O líquido, formulado pela equipe da Universidade de Utah, se transforma
em uma cobertura de gel quando inserida na vagina. Depois, quando exposta ao
sêmen, ele retorna à forma líquida e libera uma droga anti-viral
para atacar o vírus HIV.
Porém a tecnologia, descrita em um artigo na revista científica
Journal of Pharmaceutical Sciences, ainda deve demorar cinco anos para ser
testada em seres humanos.

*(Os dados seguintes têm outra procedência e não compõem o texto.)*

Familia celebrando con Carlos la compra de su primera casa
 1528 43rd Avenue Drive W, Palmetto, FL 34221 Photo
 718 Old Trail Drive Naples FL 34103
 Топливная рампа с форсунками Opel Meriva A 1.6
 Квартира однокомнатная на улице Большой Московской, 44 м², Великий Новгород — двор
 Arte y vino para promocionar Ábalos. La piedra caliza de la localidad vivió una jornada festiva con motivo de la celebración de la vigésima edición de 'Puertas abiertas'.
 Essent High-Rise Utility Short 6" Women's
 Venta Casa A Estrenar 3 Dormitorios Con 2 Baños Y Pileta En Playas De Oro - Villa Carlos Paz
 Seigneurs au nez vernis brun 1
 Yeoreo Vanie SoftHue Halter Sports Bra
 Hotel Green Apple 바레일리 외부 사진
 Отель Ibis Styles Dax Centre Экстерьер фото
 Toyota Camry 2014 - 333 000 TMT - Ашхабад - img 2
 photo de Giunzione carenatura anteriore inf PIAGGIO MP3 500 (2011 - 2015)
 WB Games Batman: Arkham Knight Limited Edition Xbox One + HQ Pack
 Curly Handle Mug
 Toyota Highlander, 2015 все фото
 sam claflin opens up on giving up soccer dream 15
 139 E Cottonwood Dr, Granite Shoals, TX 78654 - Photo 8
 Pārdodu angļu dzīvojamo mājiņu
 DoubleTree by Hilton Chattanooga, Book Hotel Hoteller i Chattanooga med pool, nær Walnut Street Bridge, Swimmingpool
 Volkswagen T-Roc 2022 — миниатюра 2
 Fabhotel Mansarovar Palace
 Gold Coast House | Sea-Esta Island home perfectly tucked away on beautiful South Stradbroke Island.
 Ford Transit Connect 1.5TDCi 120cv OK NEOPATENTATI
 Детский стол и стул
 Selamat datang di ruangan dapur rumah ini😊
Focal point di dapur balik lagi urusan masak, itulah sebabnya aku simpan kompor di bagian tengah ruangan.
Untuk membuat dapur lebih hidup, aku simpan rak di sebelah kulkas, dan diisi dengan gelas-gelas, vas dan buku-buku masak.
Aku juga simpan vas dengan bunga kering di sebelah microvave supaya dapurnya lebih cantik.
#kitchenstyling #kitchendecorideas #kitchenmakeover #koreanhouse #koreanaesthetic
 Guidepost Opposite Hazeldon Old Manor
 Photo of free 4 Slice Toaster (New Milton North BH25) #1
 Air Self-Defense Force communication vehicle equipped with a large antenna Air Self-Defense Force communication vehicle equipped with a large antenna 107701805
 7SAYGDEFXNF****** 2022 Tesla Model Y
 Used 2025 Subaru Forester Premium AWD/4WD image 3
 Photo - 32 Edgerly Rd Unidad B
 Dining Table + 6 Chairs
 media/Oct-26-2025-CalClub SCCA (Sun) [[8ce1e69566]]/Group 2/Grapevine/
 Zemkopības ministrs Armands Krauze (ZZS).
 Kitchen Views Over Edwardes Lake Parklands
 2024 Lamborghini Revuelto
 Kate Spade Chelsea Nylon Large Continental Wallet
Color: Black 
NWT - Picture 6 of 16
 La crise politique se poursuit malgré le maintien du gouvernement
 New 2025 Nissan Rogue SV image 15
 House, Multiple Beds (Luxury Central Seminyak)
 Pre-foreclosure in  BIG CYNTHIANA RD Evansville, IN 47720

E os pesquisadores prevêem que ainda levará cerca
de dez anos antes de que o produto possa ser usado em larga escala.
“
O nosso maior objetivo para esta tecnologia é proteger as mulheres e
seus filhos no útero ou recém-nascidos de serem contaminados
com o vírus da Aids”, disse o pesquisador Patrick Kiser.
Esforço mundial
O projeto da Universidade de Utah é parte de um esforço mundial
de pesquisa para desenvolver “microbicidas” - sistemas para administração
de drogas por meio de géis, esponjas ou cremes para prevenir infecção
pelo HIV ou outras doenças sexualmente transmissíveis.
Esses produtos são vistos como uma maneira de as mulheres ganharem poder
para se protegerem contra o HIV, particularmente em nações pobres
onde a Aids é mais disseminada, onde o índice de estupros é alto,
onde o acesso às camisinhas é difícil ou seu uso é considerado
tabu.
Os microbicidas de primeira geração testados atualmente devem
estar disponíveis dentro de quatro anos, com uma taxa de efetividade
entre 50% e 60%.
Segundo Kiser, porém, esses microbicidas duram apenas por um curto espaço
de tempo e têm de ser usados pouco antes da relação sexual.
A vantagem potencial da nova tecnologia que está sendo desenvolvida
por sua equipe é que ela terá duração muito mais
longa.
“
Estamos trabalhando em um sistema de administração de microbicida
que poderia ser usado uma vez ao dia ou uma vez ao mês”, disse
ele.
Sem efeitos colaterais
Os testes já mostraram que seu “hidrogel” não deve
causar efeitos colaterais ou desconfortos significativos.
Ele foi desenvolvido de maneira a não desidratar as células vaginais,
o que pode levar a infecções, e a não ser diluído
por outros líquidos.
O próximo estágio deve ser verificar se as drogas anti-virais
incorporadas ao hidrogel podem ser administradas com a mesma eficácia
demonstrada nos testes de laboratório.
Os pesquisadores se dizem esperançosos de que, como a camada de gel
dentro da mulher será muito mais fina do que nos testes de laboratório,
a liberação de drogas deve ser ainda mais efetiva.